Datum: 9 december 2018
Download PDF
1. Doods en toch levend
Ik sta er elke keer weer van te kijken. Hoe uit zo’n doodse Amaryllisbol, waar je helemaal niets aan ziet, die je ook geen water hoeft te geven, opeens – als uit het niets – een nieuwe scheut te voorschijn komt. Een groen sprietje, dat uitgroeit tot een lange stengel, waaraan een prachtige bloem gaat groeien. Misschien heb je er wel een in de vensterbank staan; onlangs als kerstattentie gekregen. Wonderlijk toch, hoe dat kan?! De bol lijkt dood, maar komt toch tot leven.

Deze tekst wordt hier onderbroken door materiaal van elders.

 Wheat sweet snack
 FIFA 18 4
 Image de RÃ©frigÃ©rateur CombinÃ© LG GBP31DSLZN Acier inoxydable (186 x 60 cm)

2. Een twijgje uit een stronk
Eigenlijk is dat wat Jesaja ziet gebeuren. Een twijgje, een nieuw groen takje, dat uit zo’n afgehakte boomstronk omhoog groeit. Ineens valt zijn oog erop. Ik zie Jesaja ergens buiten Jeruzalem zitten, misschien wel op de Olijfberg. Hij is nog helemaal vol van de vorige profetie (slot van hoofdstuk 10). Met angstaanjagende woorden had hij de komst van het Assyrische leger geschilderd. Steeds dichterbij kwam het. Door dorpen heen, over de bergen, een spoor van vernieling laat het leger achter. Ajath, Migron, Michmas. Het ene dorp na het ander valt in handen van de vijand. Rama siddert, Gibea slaat op de vlucht. Daarknakken de eerste stammen al. Daar sneuvelen de ceders van de Libanon, ja zelfs de rijzigste bomen moeten er aan geloven. Tegen Assyriëis niets en niemand opgewassen. Ook Israel en zijn koningshuis zal onder de voet gelopen worden. De stam van Israël wordt omgehakt; ook Juda zal het onderspit delven. Alleen een stronk blijft er nog over.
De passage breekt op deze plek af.